START Provided information

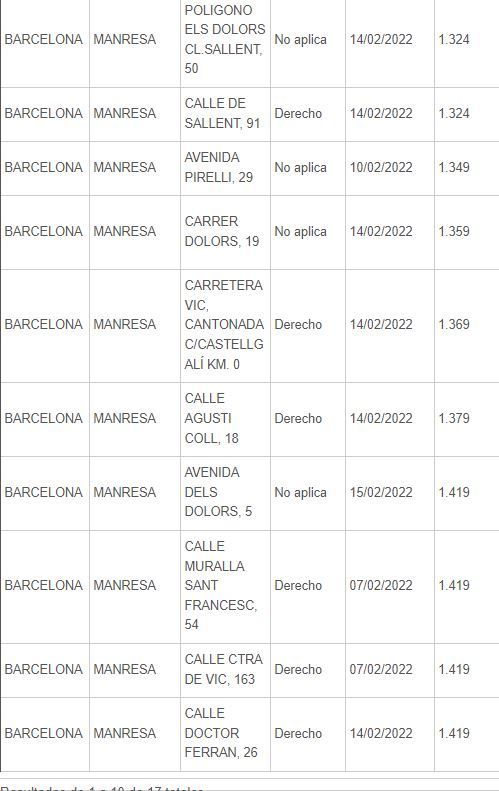 Les gasolineres on és més econòmic posar gasoil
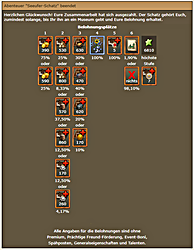 Dateiname=seeufer.png
Dateigröße=301KB
Abmessungen: 700x901
hinzugefügt am: 12. Februar 2025 seeufer.png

END Provided information

Instructions to follow — Every entry, word for word, should be given again; the pictures are not part of the copy.

Written answer —
 Les gasolineres on és més econòmic posar gasoil
 Dateiname=seeufer.png
Dateigröße=301KB
Abmessungen: 700x901
hinzugefügt am: 12. Februar 2025 seeufer.png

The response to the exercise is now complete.